Aim of the task: Produce an exact copy of all the data below, dropping every image.

Data provided:

★ ★ ★

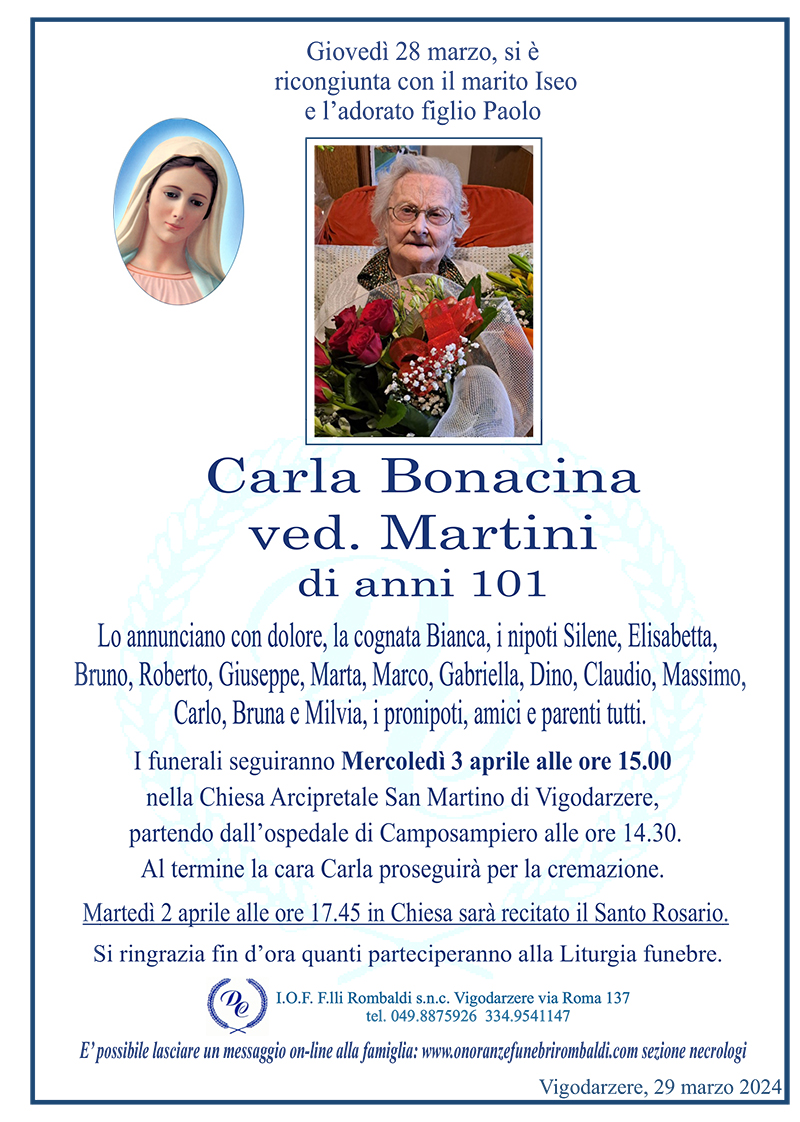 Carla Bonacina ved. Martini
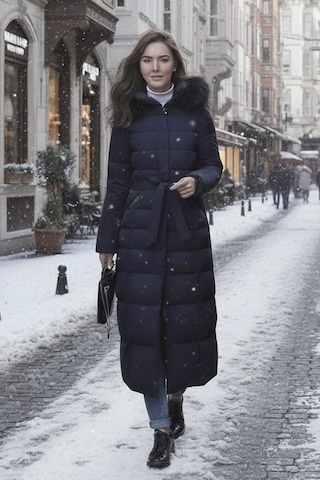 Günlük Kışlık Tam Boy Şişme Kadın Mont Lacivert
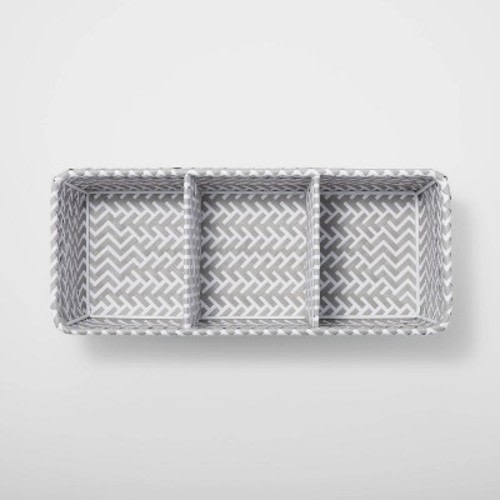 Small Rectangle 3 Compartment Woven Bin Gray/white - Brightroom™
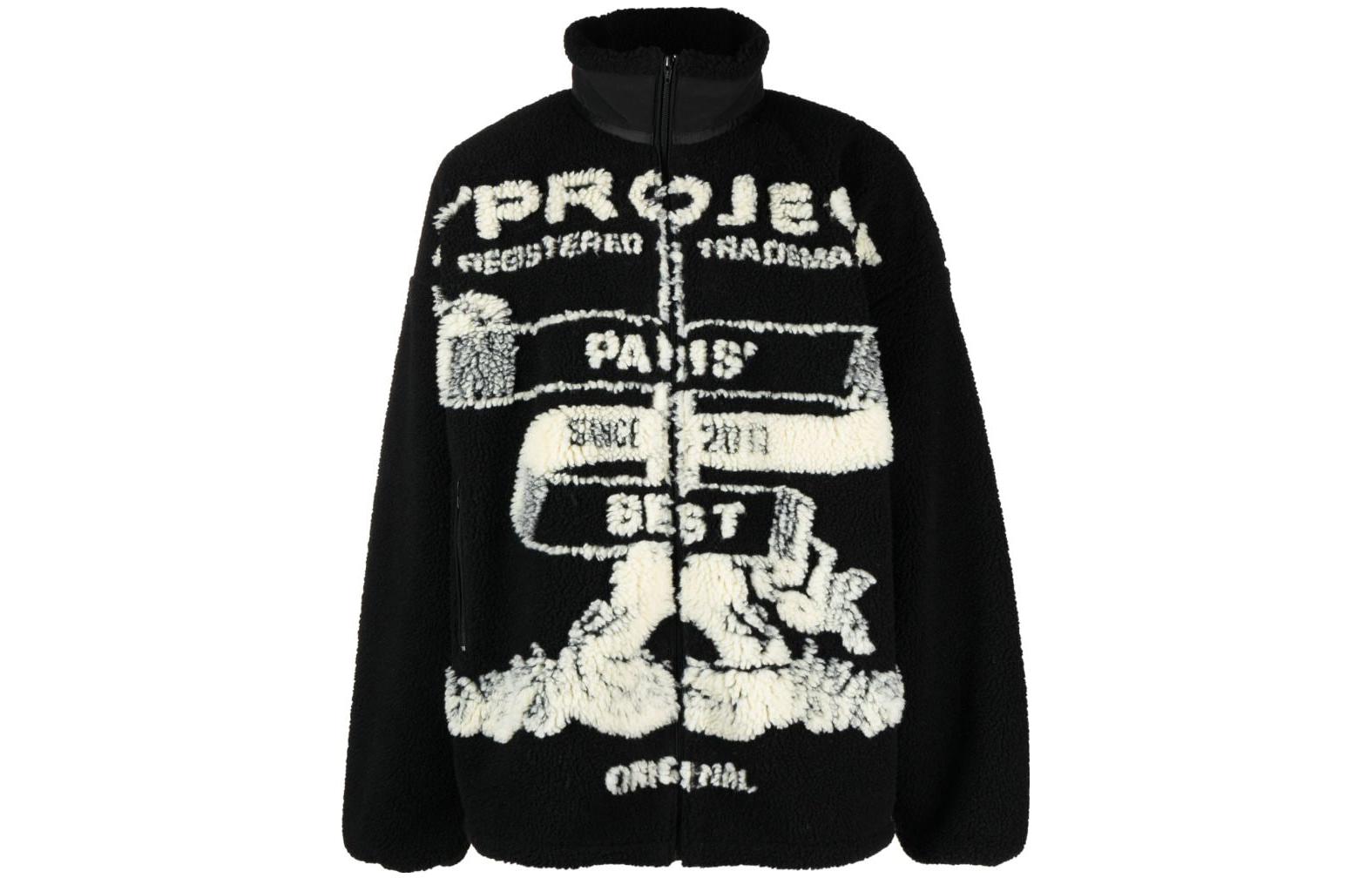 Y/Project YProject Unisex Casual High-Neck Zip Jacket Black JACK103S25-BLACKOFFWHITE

★ ★ ★

Result:
 Carla Bonacina ved. Martini
 Günlük Kışlık Tam Boy Şişme Kadın Mont Lacivert
 Small Rectangle 3 Compartment Woven Bin Gray/white - Brightroom™
 Y/Project YProject Unisex Casual High-Neck Zip Jacket Black JACK103S25-BLACKOFFWHITE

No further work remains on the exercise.